Work item | Images stay out. Everything else in the records is repeated exactly.

───

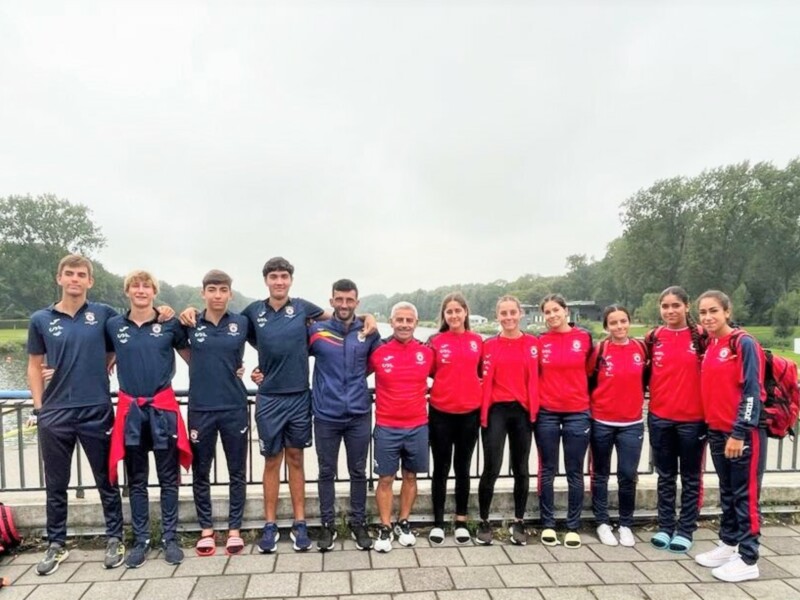 Equipo de remo posando junto al lago en un día nublado.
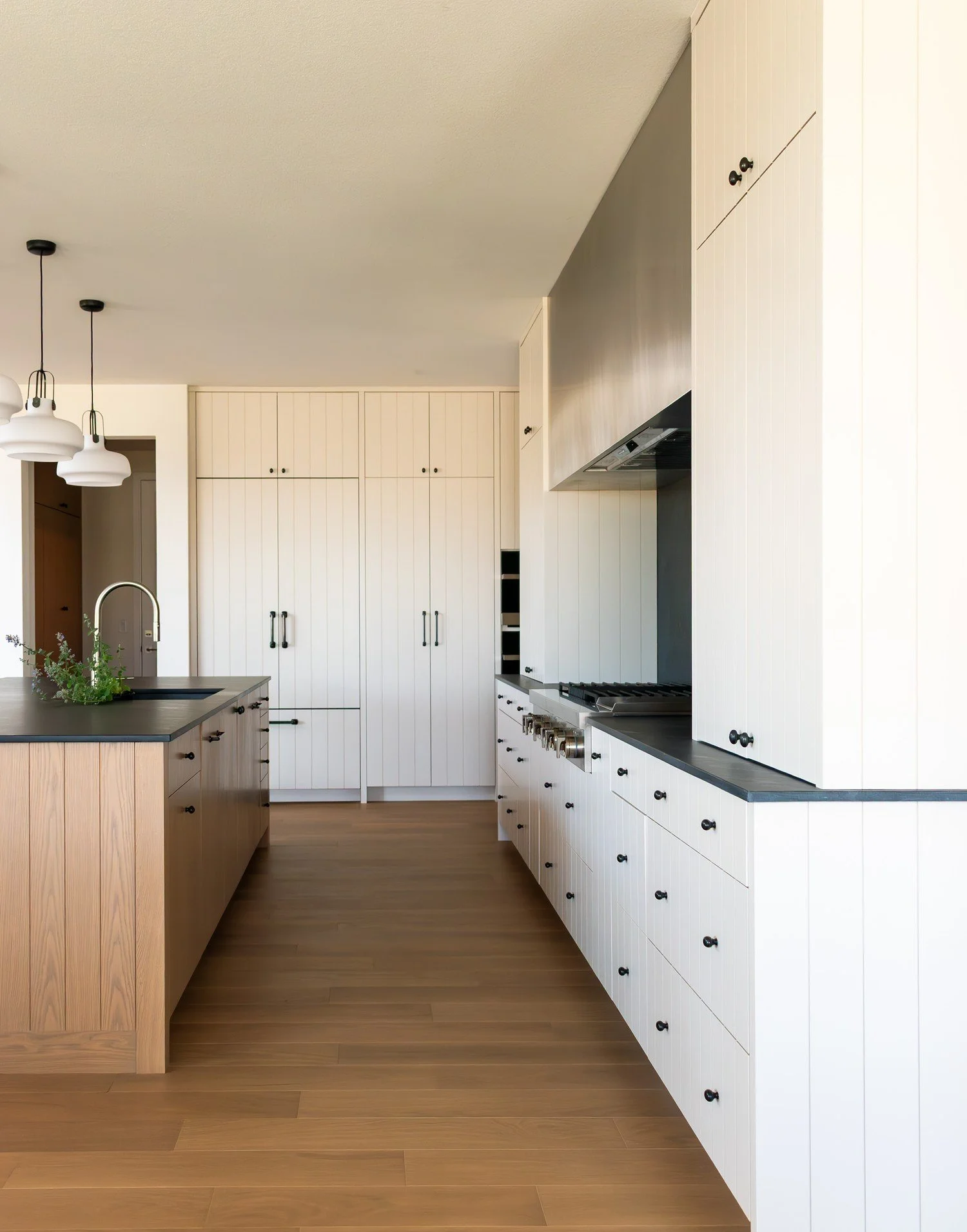 The White Oak Kitchen: aisle between the oak island and the range wall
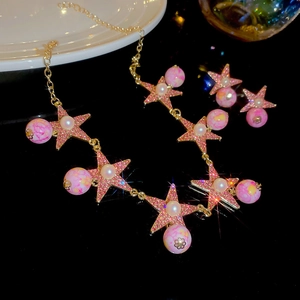 Detail of pink star jewelry set with gold chains and pearl accents on black reflective surface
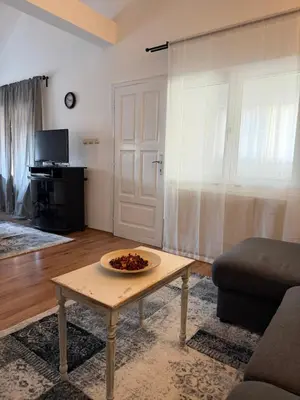 a living room with a table in front of a door at Apartman Tara in Belgrade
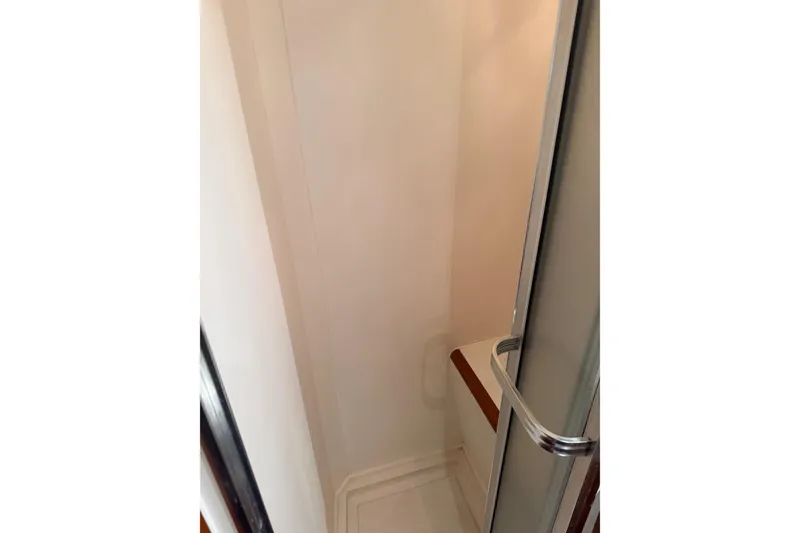 Slide: The Image of Bathroom interior of 1988 Ocean Alexander 42' yacht with wooden cabinetry and porthole windows. - 35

───

Written answer |
 Equipo de remo posando junto al lago en un día nublado.
 The White Oak Kitchen: aisle between the oak island and the range wall
 Detail of pink star jewelry set with gold chains and pearl accents on black reflective surface
 a living room with a table in front of a door at Apartman Tara in Belgrade
 Slide: The Image of Bathroom interior of 1988 Ocean Alexander 42' yacht with wooden cabinetry and porthole windows. - 35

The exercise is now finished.